En efecto, el término “diván” proviene de “diwan”, una palabra árabe de origen persa cuya idea clave es la de reunión. El “diwan” era una sala con almohadones alrededor donde se reunía el Consejo del Sultán y su Tribunal para resolver asuntos de Estado.

Eran hábitos del lugar que los europeos importaron e hicieron moda de lo turco (épocas del imperialismo europeo) la sultana, la otomana, el diván y, cómo no, la famosísima “cama turca”, que de tantos apuros ha sacado a los miembros de la clase obrera cuando aparece en su casa un familiar de en tomar por saco con justo el petate. Adelantemos que el diván turco original no tenía patas (como un “puf” iraní o persa) como sí tienen las sillas europeas, ¿por qué? Ahhhh…
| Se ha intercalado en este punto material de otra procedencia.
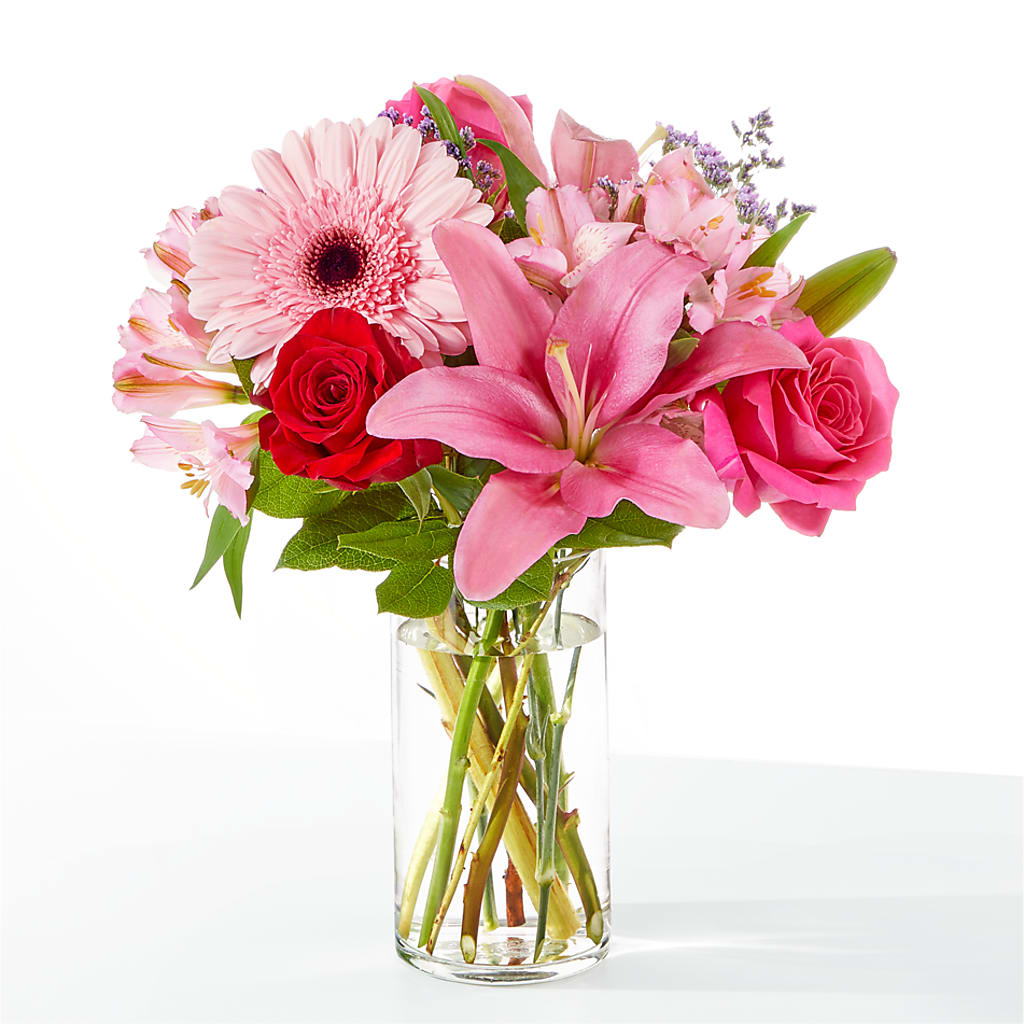 Lots of Love Bouquet – BERMAN'S FLOWERS, Kingsburg CA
El diván era producto -si de muebles hablamos- de una época de lujo. Se caracterizaba por tener un extremo levantado en forma de cabezal -imagine el lector/a, es la última vez que no uso el transgenérico, una peli de Woody Allen y sus neuras pequeñoburguesas neoyorkinas-  y era usado durante las horas del día como lecho de reposo, siendo preferido a la cama propiamente dicha: “voy a echar una cabezada”, decimos tumbándonos en el sofá con la tele encendida como somnífero; “voy a echar una divanada”, dicen los turcos y otras gentes de mal vivir.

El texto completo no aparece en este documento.